Balkrishna Bhagwant Borkar was born on 30 November 1910 in the village of Borim, Goa situated on the banks of the Zuari river. The atmosphere in his house was very pious and there used to be recitals of bhajans, kirtans, holy scripts and songs of saints of Maharashtra. As a household rule every child was supposed to learn new Abhangs by heart.

It is said that Borkar once forgot to learn a new Abhang and when it was his turn to recite, he composed an Abhnag on the fly. People who were listening were astonished and could not believe that young Borkar could have done this and he was asked to compose one more Abhang. He surprised them again by composing one more Abhang and ended it with the verse "Baki Mhane" (so says Baki).

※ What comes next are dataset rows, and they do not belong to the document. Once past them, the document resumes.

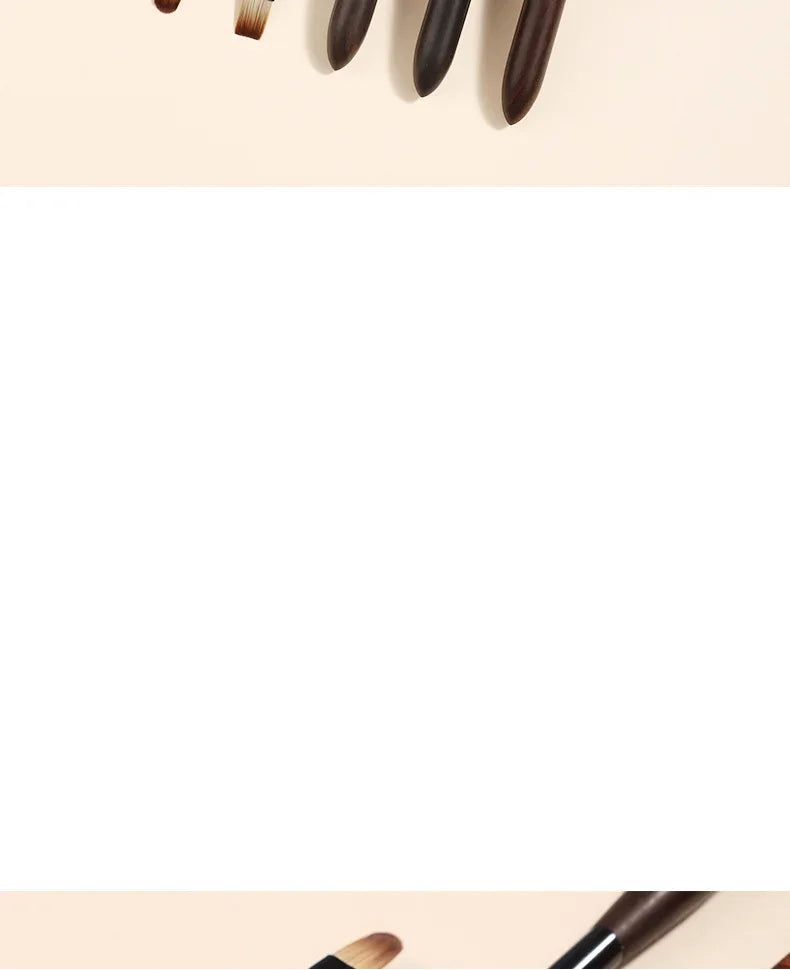 Nail Glue Phototherapy Pen UV Gel Brush Pen Acrylic Brush Professionnal Nail Art Brushes Painting Drawing Brush Manicure Tools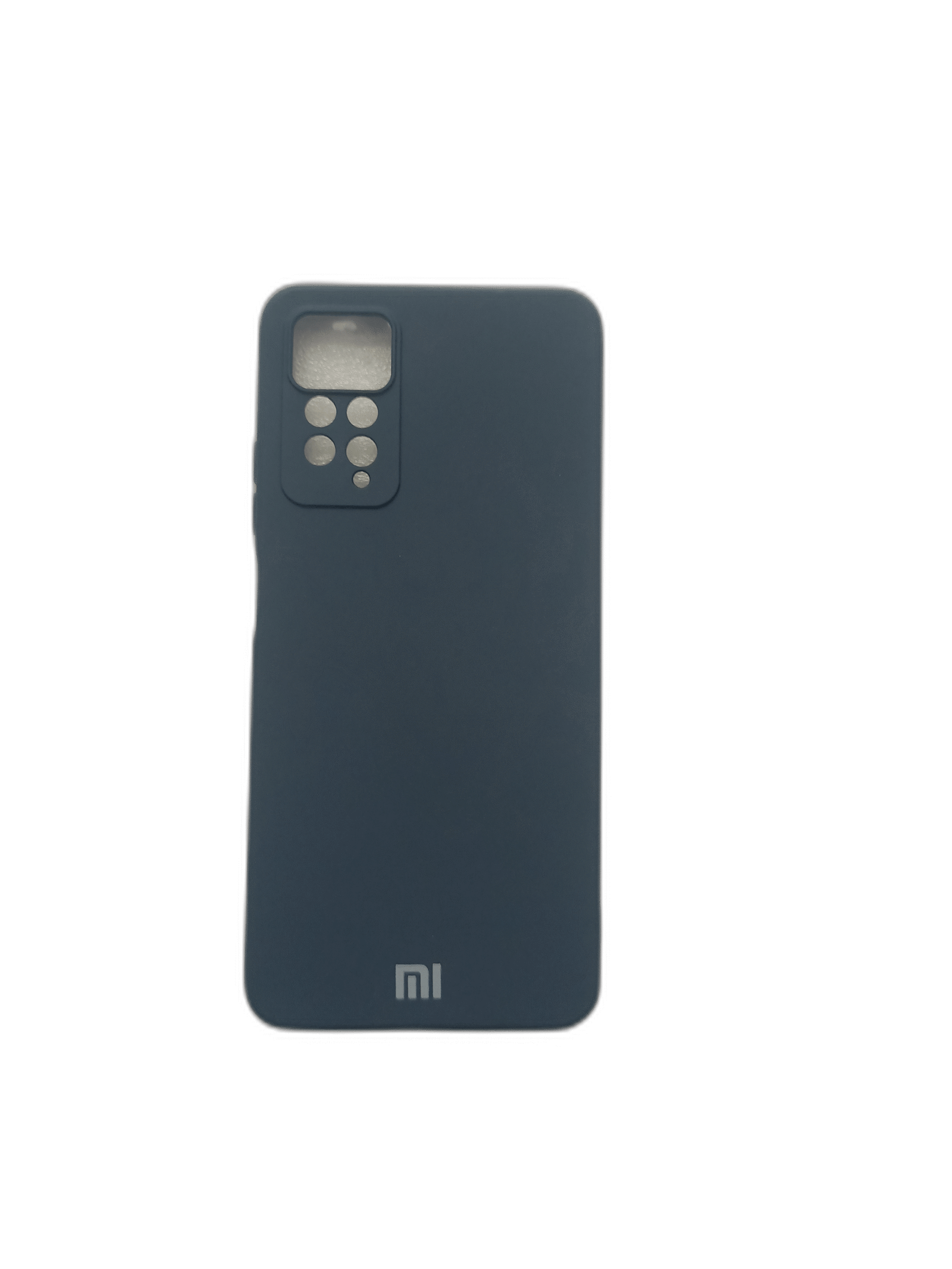 funda redmi note11 pro/ note 12 pro funda redmi note11 pro/ note 12 pro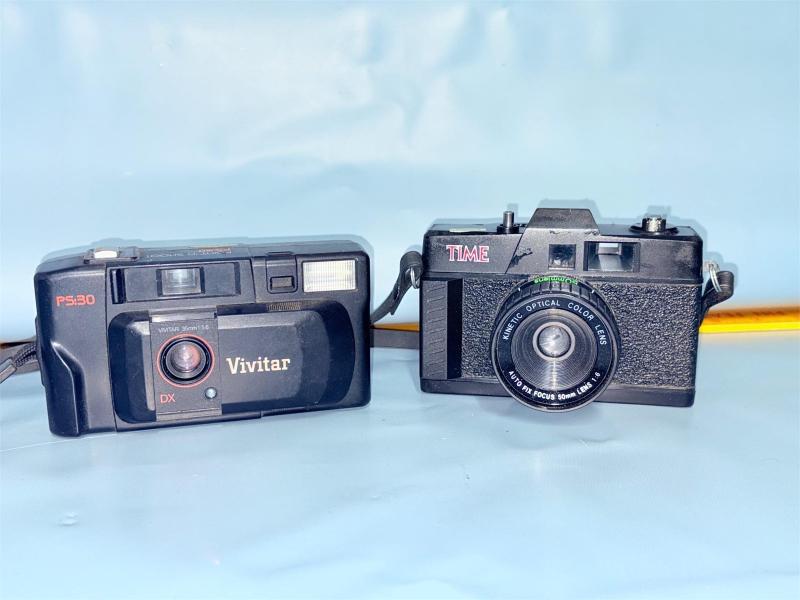 Sale Photo Thumbnail #11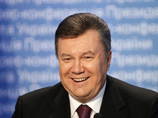 Стоит отметить, что два месяца назад Виталий Кличко впервые обошел в рейтинге популярности президента Украины Виктора Януковича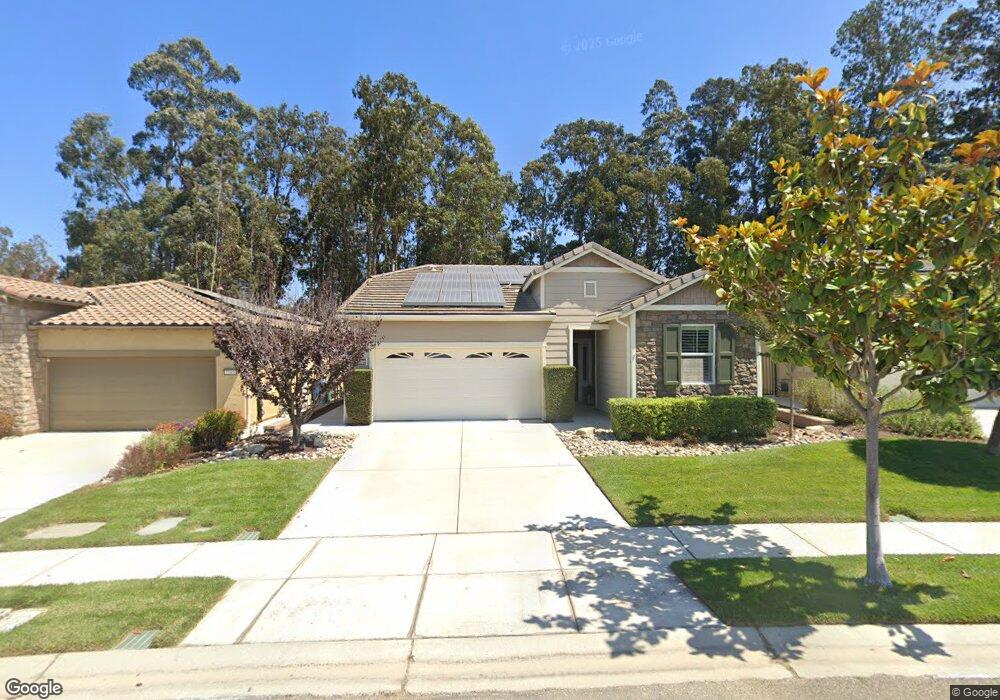 1047 Ford Dr, Nipomo, CA 93444 - photo 1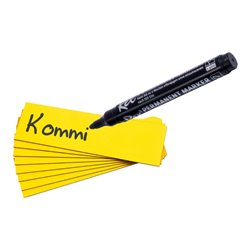 Eichner Magnet Lagerschild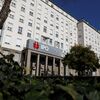 <![CDATA[ Avaria adia cirurgias no IPO de Lisboa ]]>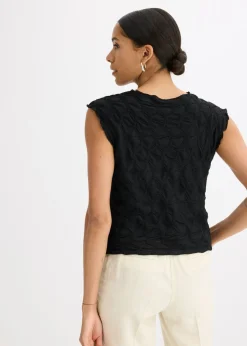 bonprix bonprix Camisetas><noscript><img width=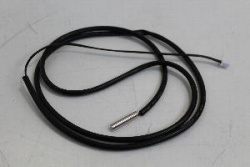 Датчик конденсатора Cooleq Ims-20/40/85 27 – купить в RuOborudovanie.ru с доставкой до двери Датчик конденсатора Cooleq Ims-20/40/85 27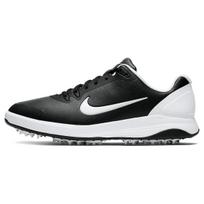 Nike Infinity Golf Wide Juodi Balti Unisex Sportbačiai CT0535-001 38.5
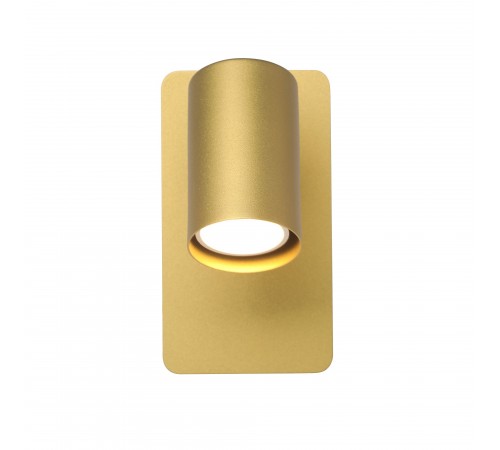 Бра Vitaluce V2730-8/1A V2730 Бра Vitaluce V2730-8/1A V2730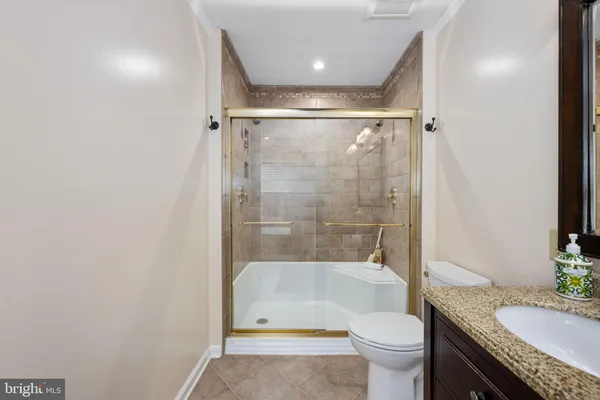 $968,900 | 86 Wateredge Lane, Fredericksburg, VA 22406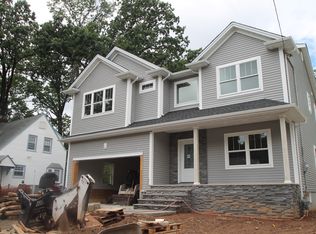 870 Salem Rd, Union, NJ 07083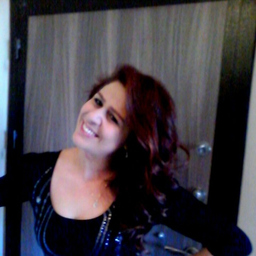 DUYGU BAŞTÜRK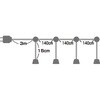 65921135
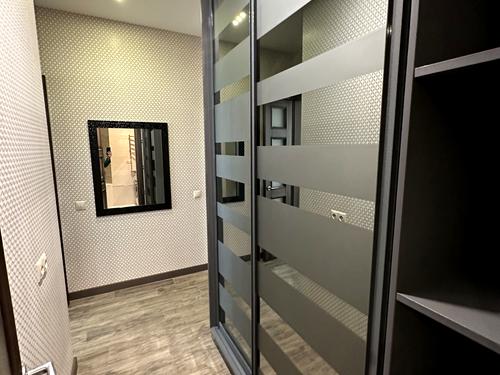 квартира за адресою Академіка Глушкова просп., 9-Д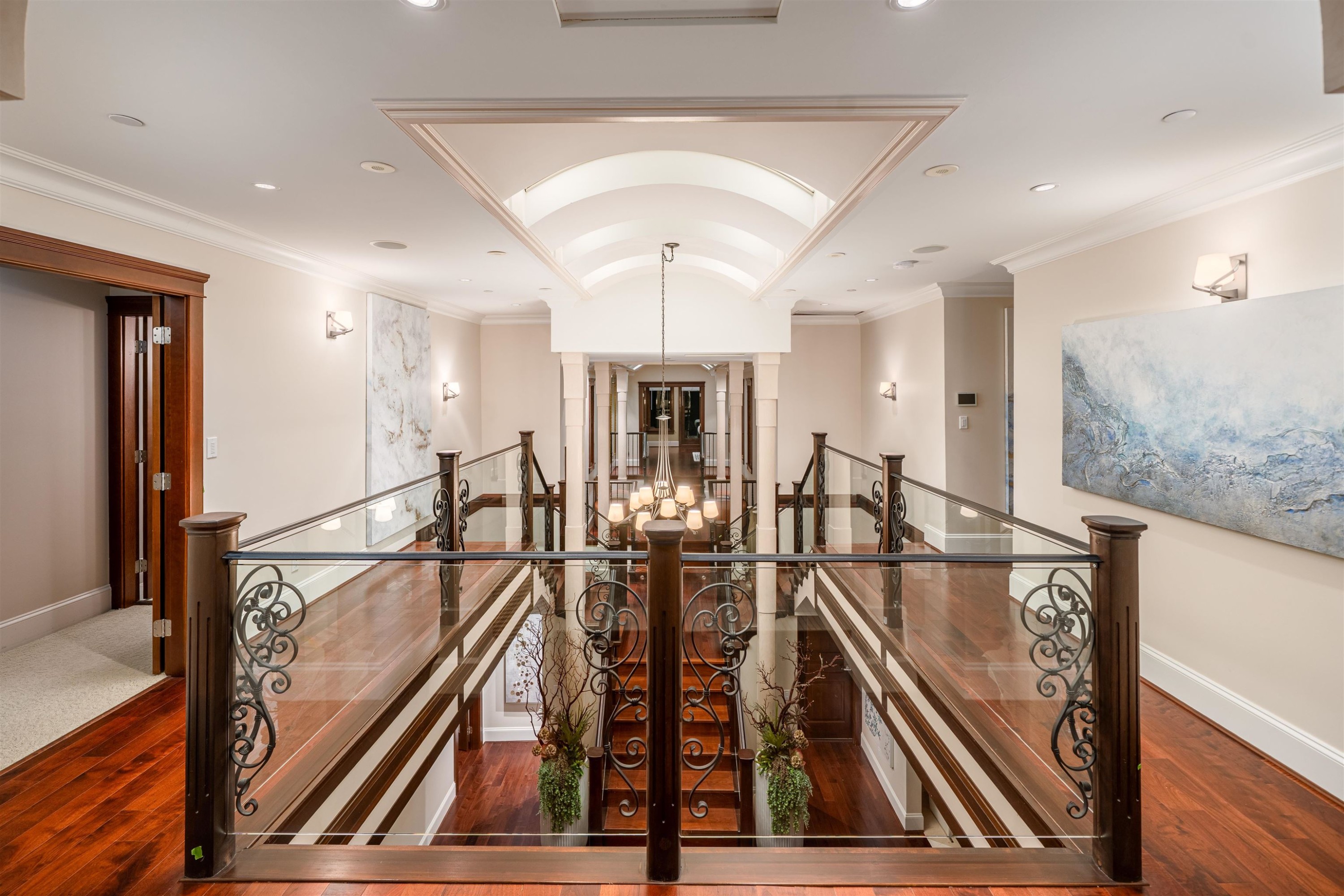 2673 Finch Hill, West Vancouver, BC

Borkar's mother tongue was Konkani and he did his schooling till the second grade in Marathi medium. Goa at that time was under the colonial rule of the Portuguese and Baki had to complete his further education in Portuguese language. He acquired a Portuguese Teachers Diploma. He went on to complete the tough teachers’ training course at the Escola Normal in 1936, where he was exposed to world literature, thanks mainly to his Goan teacher, the scholarly Dona Propercia Correia Afonso. He could not continue his formal education beyond that point because of lack of funds and had to find himself a job. He worked as teacher in various schools in Goa from 1930 to 1945. Later he left for Bombay (Mumbai) where he edited Konkani periodicals Amacha Gomatak and Porjecho Awaj. In November 1955 he joined Aakashwani (All India Radio). A stint at the Panaji Akashvani Kendra followed in post-liberation Goa from 1962 till his retirement in 1970. Bakibab was also the President of the Institute Menezes Braganza from 1964 to 1970.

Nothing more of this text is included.